A number of news articles, including one by Peter Kafka at Re/code and another posted on Tuesday by Farhad Manjoo at the New York Times, have described the debt and related cash-flow requirements the company faced, which appear to have become too onerous for the board and the company’s creditors to stomach any further (more details have emerged since).
Although revenues at Gigaom’s research arm were growing, what seems to have happened is the gap between those top-line revenues and the bottom-line cash flow or profits of the division grew too wide, and investors stopped believing that the company would ever get there, or weren’t willing to spend any more to fill that chasm. And without a plausible road to profitability, there was no hope of an exit that would justify the $40 million in cash and debt the company had raised.
So was the failure of the company a result of a fundamental flaw in the three-legged research/events/editorial model? I don’t think so, despite the rather tangible evidence to the contrary — evidence I am forced to confront every time I look at my dwindling bank balance. I didn’t just champion the Gigaom model because I happened to be working there, I actually believed (and continue to believe) that it can work, and that if done properly it can create a much better foundation for a media company than just relying on advertising.
I mentioned the Economist in my earlier post, and it continues to be the ne plus ultra of this approach: it has an editorial product that is supported in part by advertising and in part by subscriptions, but it also has a highly-regarded research arm — the Economist Intelligence unit — that contributes substantially to the bottom line, and it does events and offers its members other benefits as well.

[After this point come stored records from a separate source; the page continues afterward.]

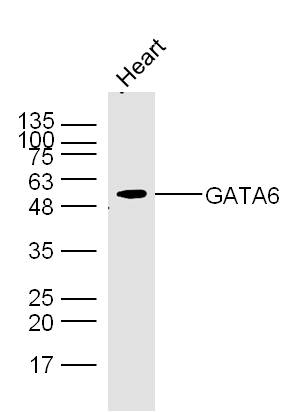 GATA6 Rabbit pAb(bs-1787R)-50u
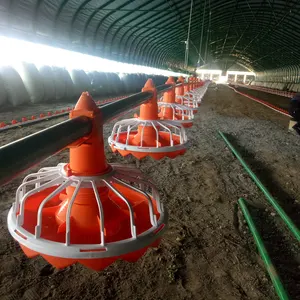 Moderne Conception L'élevage De Poulet Maison Volaille Matériel Agricole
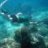 glassfish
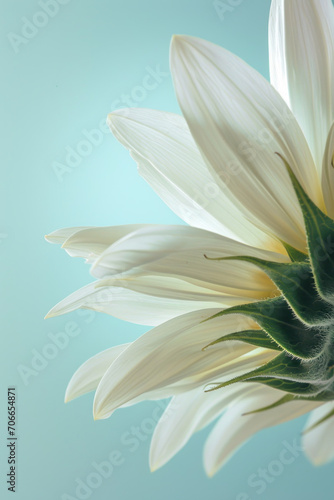 White sunflower flower as vertical Greeting card template composition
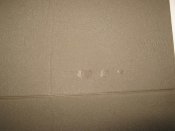 IMG_1736.JPG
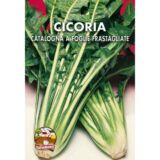 semi di cicoria-catalogna-a-foglie-frastagliate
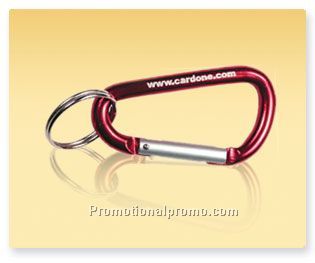 LASER ENGRAVED CARABINERS - MINI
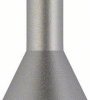 Bosch Accessories 2608599041 Wiertło do szkła i ceramiki 10 mm Długość całkowita 10 mm 1 szt.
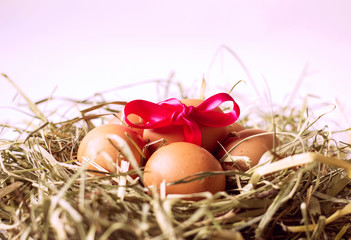 Fresh chicken eggs with hay nest and pink bow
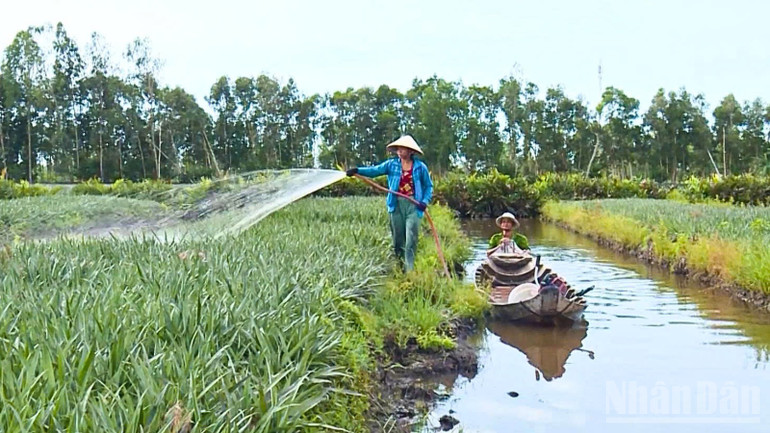 Farmers in Hoa Luu commune take care of their family's pineapple garden. ndo_br_thiet-ke-chua-co-ten-1.png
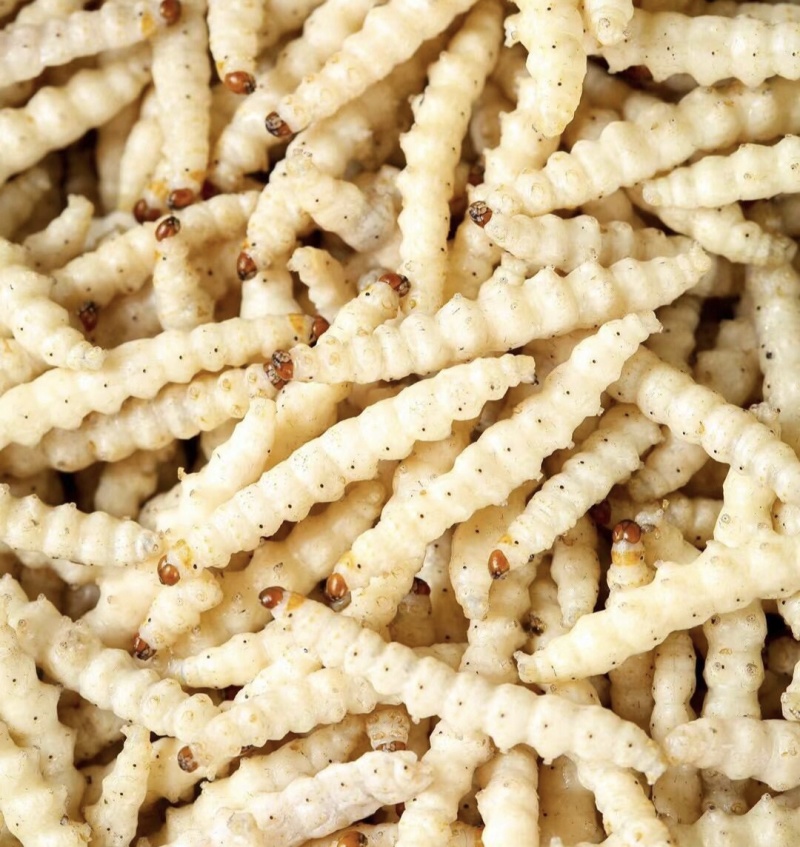 竹虫食用昆虫（一手货源）好货无冰批发零售
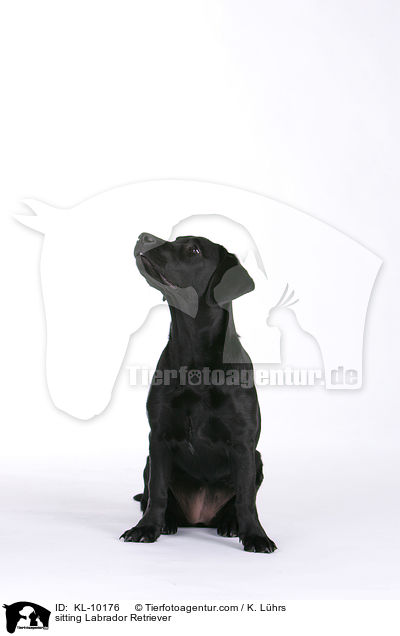 sitzender Labrador Retriever / sitting Labrador Retriever / KL-10176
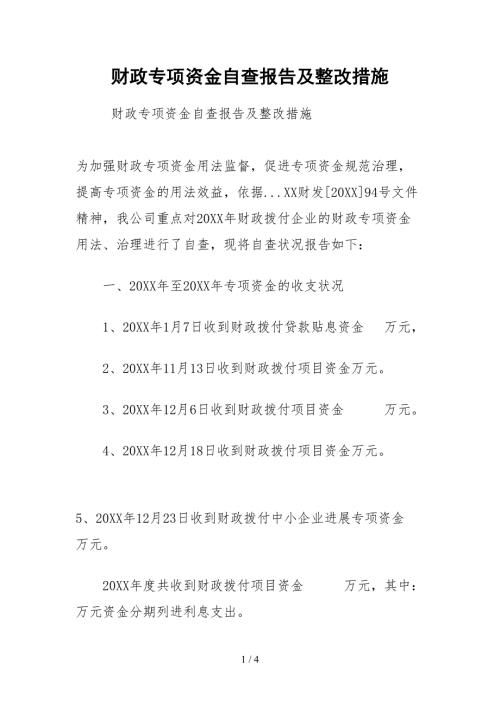 2021财政专项资金自查报告及整改措施.docx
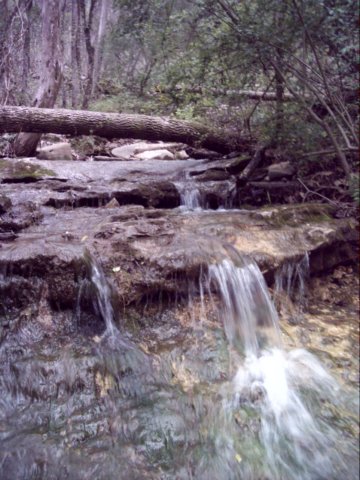 dsci0014.jpg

Politico is pursuing a similar model, offering a free editorial product combined with a subscription-based premium product (Politico Pro) that includes events and other benefits for members.
The principle behind this model is that you bring readers in through the front door — the free, ad-supported editorial side, which hopefully carries its own weight (as Gigaom’s did) but doesn’t make a lot of extra money — and you hope to create a relationship with them based around your expertise. Then you (theoretically at least) monetize that relationship through other means, including events and subscription research. In some sense, the editorial product becomes a loss-leader for the rest of your offerings, a way of finding new readers or customers.
So what failed in Gigaom’s case? Former VP of research Michael Wolf argued in a recent post that the research arm lost its way at some point, and decided to focus on high-volume (but relatively commoditized) products like webinars and sponsored white papers rather than developing a deep expertise in subject areas — and it also targeted large corporate clients, many of whom apparently didn’t renew after their initial trials, instead of focusing on individual buyers and growing more slowly.
This might be naive, but I still believe that the Gigaom research unit and the model it was part of could have worked, and in fact arguably did work for a number of years. From what I have been able to piece together, it sounds like spending — which was undertaken in an attempt to grow that side of the business to a scale that would make it worth all the millions that VCs had invested in it — just out-paced the actual cash coming in. That’s arguably a flaw in execution, not the model itself.
The bottom line is that I don’t think the death of Gigaom should be taken as evidence that the model itself doesn’t work. Is it difficult to execute? Sure. A guarantee of success? Hardly. But I think there is room for another media entity to make a go of it if they wish to, and hopefully we will see more giving it a shot. Advertising and traditional news paywalls are not the only options.